** Listed records follows **

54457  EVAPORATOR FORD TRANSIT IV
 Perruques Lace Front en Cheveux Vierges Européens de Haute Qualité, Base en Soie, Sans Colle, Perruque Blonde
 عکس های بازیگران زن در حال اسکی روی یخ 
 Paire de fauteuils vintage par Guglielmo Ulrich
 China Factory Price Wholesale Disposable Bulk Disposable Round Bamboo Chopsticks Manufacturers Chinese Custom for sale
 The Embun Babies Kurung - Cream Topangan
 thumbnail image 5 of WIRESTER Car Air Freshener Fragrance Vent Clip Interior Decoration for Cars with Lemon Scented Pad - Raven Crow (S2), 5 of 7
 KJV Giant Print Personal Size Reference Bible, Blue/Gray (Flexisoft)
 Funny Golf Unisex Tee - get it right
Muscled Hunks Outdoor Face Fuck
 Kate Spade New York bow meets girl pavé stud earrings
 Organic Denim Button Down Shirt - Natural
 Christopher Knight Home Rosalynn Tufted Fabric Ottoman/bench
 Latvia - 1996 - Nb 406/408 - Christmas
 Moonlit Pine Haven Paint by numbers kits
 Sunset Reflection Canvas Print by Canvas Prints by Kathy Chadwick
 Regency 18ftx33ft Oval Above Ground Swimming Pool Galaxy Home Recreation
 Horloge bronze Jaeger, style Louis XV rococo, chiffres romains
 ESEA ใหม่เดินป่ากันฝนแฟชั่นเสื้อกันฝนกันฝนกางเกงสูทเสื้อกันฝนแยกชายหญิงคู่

** End of Listed records **

**Exercise requirements:** Scan the lines above, and whenever one holds the string "Print", copy it.

**Answer section:**
 KJV Giant Print Personal Size Reference Bible, Blue/Gray (Flexisoft)
 Sunset Reflection Canvas Print by Canvas Prints by Kathy Chadwick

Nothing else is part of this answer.